Additionally, Cooke’s takes pride in recognizing employees for the quality work they do. The company’s Facebook page is full of images of its team members who have excelled in their jobs, such as Pharmacist Gina Moser, Steve Davis, who was a contestant in the Tennessee Best Bagger competition, and Matthew McTaggert, who received the Tennessee Grocers Education Foundation Scholarship, as well as all of the recent Employees of the Month.

Cooke’s takes pride in its local community by supporting a number of events and organizations. Last year, for example, Dan and his wife, Janey Cooke, participated in a campaign that raised more than $2.2 million for United Way of Bradley County, Tenn. In Au­gust 2010, the Cooke’s Food Store Back to School Tailgate event raised more than $3,000 for the local Boys and Girls Club.

“We participate in several events throughout the year, particularly with the Boys and Girls Club and United Way,” he says. “Every year, we host a charity golf tournament to raise money for breast cancer research, but that is in addition to numerous other events.”

Valued Concepts

Cooke’s Food Store has been at its Keith Street location in Cleveland since 1976, but the company also has seven Super­saver Cost Plus Foods locations in Tennessee, Georgia and North Caro­lina. These stores have smaller footprints than the 35,000-square-foot Cooke’s Food Store, with an average of 15,000 square feet of space and 8,000 SKUs, Cooke says.

“Supersaver Cost Plus is more of a limited concept with a mix of private-label and national brands,” he explains. “It is very value-oriented.”

Cooke’s relies on its suppliers and warehousing partners to develop its private-label products, but quality and value remain the focus. The slow economy, Cooke says, has fueled the sales of the company’s private-label brands, so it continues to develop more goods under its own name.

“The key is having quality products and then finding the right size and best value, then educating the customers about those products,” he says. “We have a broad range of private-label goods and we are expanding in that area. We started with canned vegetables a few years ago and our private-label brand grew from there. People will try one, and if they are satisfied, they will try more. Right now, people keep coming back.”

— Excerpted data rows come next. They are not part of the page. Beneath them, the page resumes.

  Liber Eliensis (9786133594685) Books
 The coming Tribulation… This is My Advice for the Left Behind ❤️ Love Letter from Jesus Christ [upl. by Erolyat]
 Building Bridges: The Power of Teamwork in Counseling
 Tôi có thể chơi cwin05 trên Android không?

The key is having quality products and then finding the right size and best value, then educating the customers about those products.

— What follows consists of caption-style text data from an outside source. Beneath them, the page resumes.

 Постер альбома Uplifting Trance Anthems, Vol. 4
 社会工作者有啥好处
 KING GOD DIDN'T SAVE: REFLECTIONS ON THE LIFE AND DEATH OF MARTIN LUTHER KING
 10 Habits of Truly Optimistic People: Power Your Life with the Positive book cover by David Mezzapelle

Cooke believes the Supersaver concept will be the company’s primary growth vehicle in the next few years, but Cooke’s Food Store also has some plans to remodel. Upgrades to that location, Cooke says, will make the shopping experience easier with new POS systems. The company’s goal is to make the shopping experience “easy and enjoyable,” he says, and to eliminate hassles.

“I’m proud that we are able to grow and prosper, and that we continue to have a bright future after 75 years,” he stresses. “After all this time, we’re still there for the customer – ready to serve them and do what they need. The fourth generation is now entering the business, so there is no end in sight for us.”